Written by on Saturday, February 24, 2024

But the ultimate decision may be in the state’s hands.

By Naomi Nerlien

Original Air Date: Feb. 21, 2024

Host: The regular Sarasota School Board meeting yesterday night was marked by more culture war, including a rolling billboard parked in front of the board chambers, targeting sex scandal-ridden conservative board member Bridget Ziegler. But the most substantial discussion happened during a work session earlier that day. WSLR News reporter Naomi Nerlien has the details on a for-profit charter school application.

Naomi Nerlien: The Sarasota Classical Preparatory Academy was the main topic on the agenda of the Tuesday work session. Representing the charter school proposal linked to for-profit Charter Schools USA, Valora Cole, Randolph Walker, and Eric Johnson fielded the questions from school board members.

The first issue brought up by board member Robyn Marinelli was the physical location of the new school. A property currently used by a private school, The Classical Academy of Sarasota, on Fruitville Road east of I-75 is the new school’s proposed location. Neighbors have expressed concern over expanded use of that property.

Robyn Marinelli: What’s the location? And is the current private school on that location? And help me understand how that’s going to work, please.

Valora Cole: So, the location I’m going to look at is what we put in the application, I know it is currently going through entitlement. And no, my understanding is, the private school is not going to be on that same location.

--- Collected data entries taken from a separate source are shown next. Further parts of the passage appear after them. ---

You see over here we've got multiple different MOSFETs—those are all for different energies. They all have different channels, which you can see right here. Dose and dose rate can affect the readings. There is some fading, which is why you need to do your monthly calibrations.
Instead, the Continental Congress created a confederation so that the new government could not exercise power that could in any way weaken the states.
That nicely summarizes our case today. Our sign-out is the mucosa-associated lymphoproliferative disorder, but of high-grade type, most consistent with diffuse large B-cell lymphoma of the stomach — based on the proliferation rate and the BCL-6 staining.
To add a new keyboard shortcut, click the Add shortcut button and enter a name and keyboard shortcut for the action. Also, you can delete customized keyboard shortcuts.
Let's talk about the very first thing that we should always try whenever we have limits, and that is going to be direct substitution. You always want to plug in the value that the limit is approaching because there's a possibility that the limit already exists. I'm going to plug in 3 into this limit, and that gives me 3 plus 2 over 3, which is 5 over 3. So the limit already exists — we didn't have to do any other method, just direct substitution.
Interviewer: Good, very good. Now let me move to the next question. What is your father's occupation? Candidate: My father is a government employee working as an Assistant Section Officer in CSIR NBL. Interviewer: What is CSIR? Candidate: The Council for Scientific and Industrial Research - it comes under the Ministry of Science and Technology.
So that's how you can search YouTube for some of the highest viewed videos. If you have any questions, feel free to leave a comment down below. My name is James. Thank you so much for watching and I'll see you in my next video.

RM: Well that’s, I think, it’s still questionable because the county commission hasn’t approved that land use. So that’s why I’m gonna need to be prepared for that, because that’s out of our hands.

VC: Right. I don’t think that’s part of the application requirements. Sometimes, when you bring a charter application, you don’t even have a land location. When we’ve dropped charter applications in other districts, we don’t even know where we want to drop it, but we haven’t purchased, or the board hasn’t purchased, the land yet, or they haven’t leased that property yet. So that is going through, as you said, a separate process that’s independent from this one.

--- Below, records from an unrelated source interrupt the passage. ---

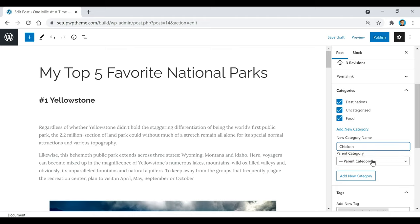I've finished adding the rest of the categories. Now I'm going to choose which category this specific post belongs to. I'll uncheck the ones I don't want and keep it under Destinations. You can put each post under multiple categories or just a single one, but for this post I'm going to keep it under Destinations only. Then I'll click Save Draft again.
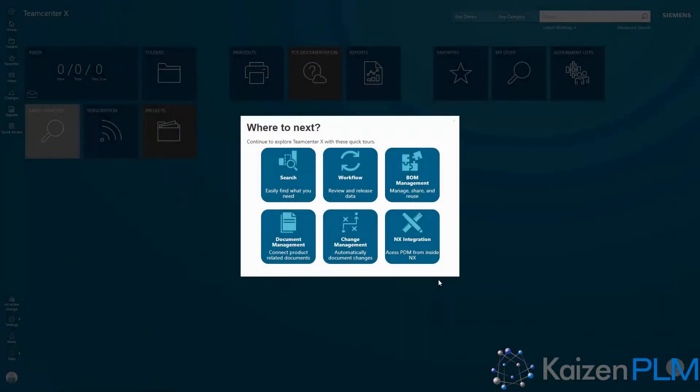From there, you'll be presented with a dashboard where you can select from user-guided overviews that cover some of the main areas of Teamcenter X.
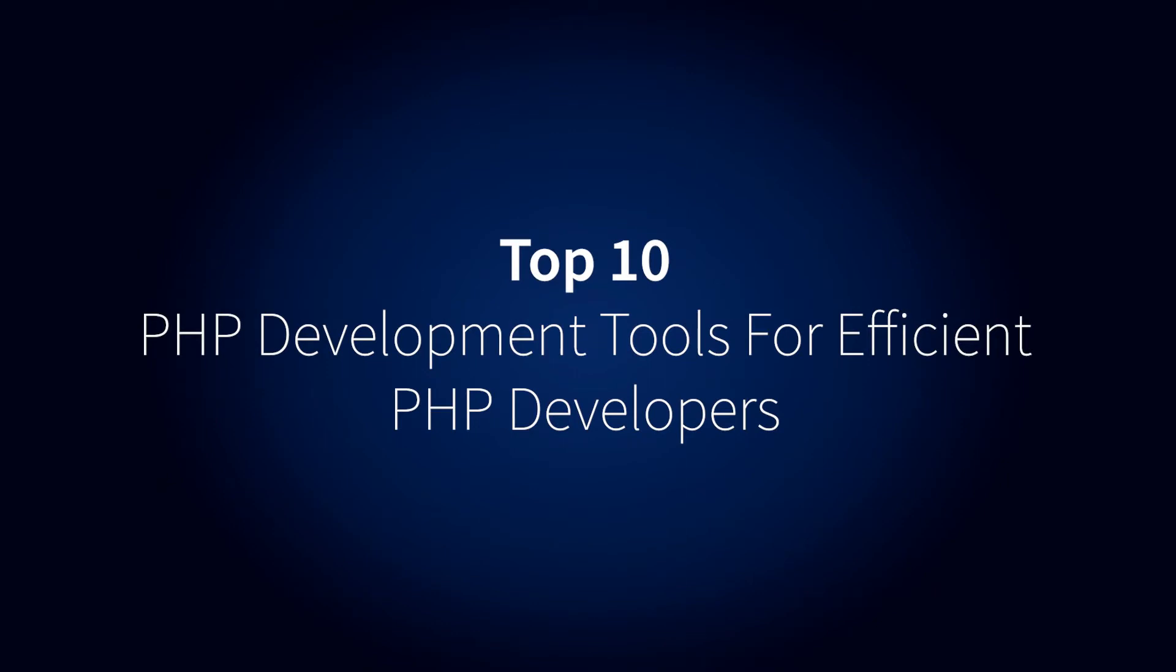In this video, we shall discuss Top 10 PHP Development Tools for Efficient PHP Developers.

NN: The executives said that the current school would move to a location off Bee Ridge Road, once the state approves the switch in land ownership.

Superintendent Terrence Connor raised concerns about projected enrollment. The application projects opening in August 2025 with 100 kindergarteners. However, there are not 100 kindergarteners in the six-mile radius of the school’s proposed property.

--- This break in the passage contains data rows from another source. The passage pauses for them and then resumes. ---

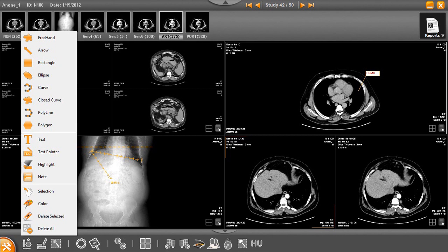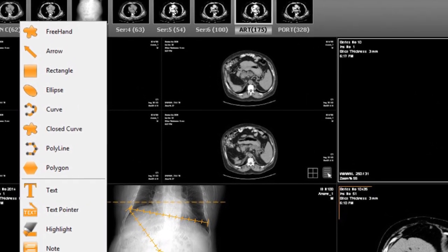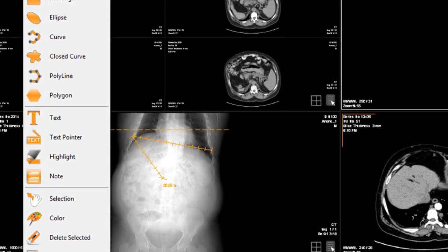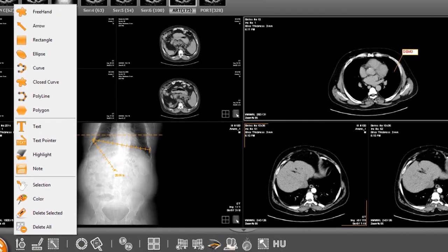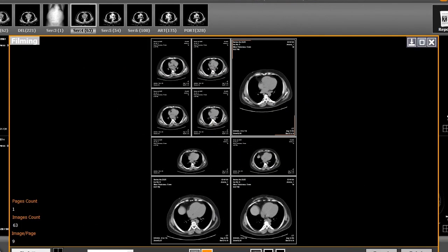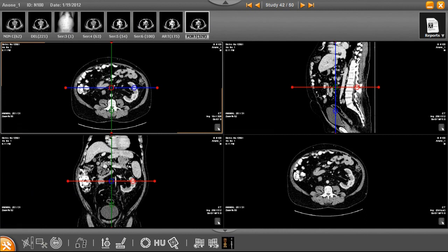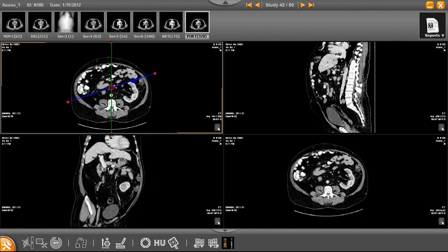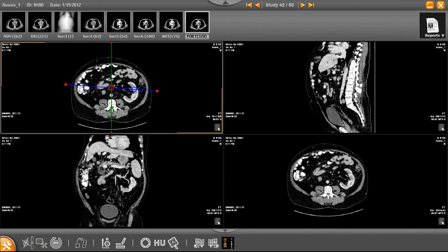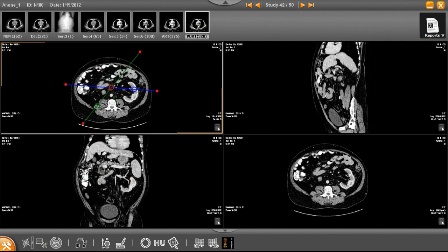The solution features complete image manipulation and advanced measuring and annotation tools. The self-explaining icons make it easy for any user to use the solution without special training. The Advanced Filming tool allows users to print selected images on Windows or DICOM printers. Advanced visualization tools, including MPR, MIP, and 3D, make it easy to navigate through large studies and improve diagnostic capabilities.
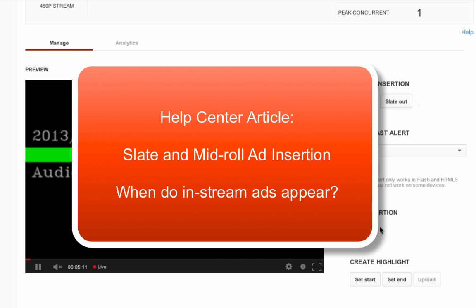If you need more information on mid-roll or ad insertion, take a look at our help center document or review our YouTube live forum.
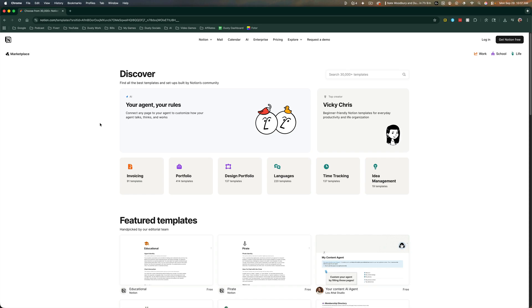In this video tutorial, I'm going to show you how to easily import Notion templates into your Notion. So as you see here, I'm on a website that's just notion.com slash templates.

Meanwhile, Tom Edwards – who expressed his concerns about this project in an interview on WSLR’s The Detail show last week – said he didn’t like the short time window before the vote, and the lack of timely information made available to the board and the public.

Tom Edwards: Listen, I want to make sure I start by saying that I’m an advocate of school choice. I want to make sure that’s very clear. But I also have fiduciary responsibility to the constituents, and to make sure that our decisions are sound. So I don’t mean to sound difficult, but I’m still uncomfortable. If you don’t have a location, you’re asking us to imagine. I think you allude to Mrs. Rose’s question about the math, that that depends on whatever happens and that we make those decisions in May. And yet I’m being asked to make a decision in March, and you haven’t finalized your plans, and you haven’t finalized where you’re going to be. And so that’s this is where [the school board attorney] comes into play. We have 90 days from March 13. Also, for complete transparency, I had a conversation with Mr. Connor. I am distressed is a mild word that we had this application in December and I didn’t find out about it until Tuesday. And then a 600-page document arrived on my emails on Thursday, and on Monday the school district was closed. So in terms of really doing my job and really diving into that document, I don’t feel like I’ve been given an appropriate amount of time. And I’m being rushed into March 5. 

NN: The board must review and then approve, or deny all charter applications within 90 calendar days. An extension was requested but denied by the applicant, meaning the board must move forward.

With these concerns and others such as staffing, a lack of local representatives, and private business involvement with a publicly funded entity, the board has a difficult decision to make on March 5.

However, whatever the school board decides in March, the ultimate decision seems to be out of its hands.

A recently passed state law, HB 1, takes that power away from local boards and makes the Florida Department of Education the last arbiter of any for-profit charter school application. If Sarasota rejects the application, and the school operator appeals, it could be Manny Diaz, the current commissioner of education, who puts his finger on the scale. Diaz also happens to be a former executive of the state’s biggest for-profit operator of schools.

In addition to that, the law now stipulates that, if the state finds the application passes muster, the school district would have to pay the applicant’s legal expenses.

This application is the second from the same operator. Last year, the school board granted the first one to the Florida Charter Educational Foundation, a non-profit that owns a dozen schools in Florida run by for-profit Charter Schools USA. Reversing itself, the school board approved the application for a K-12 school at Wellen Park in North Port. It did so after rejecting that application the year before. Charter schools are taxpayer funded and therefore tuition-free. Charter Schools USA would be paid and seeks profit mostly from taxpayer funding.

This has been Naomi Nerlien, reporting for WSLR News. Johannes Werner contributed to this report.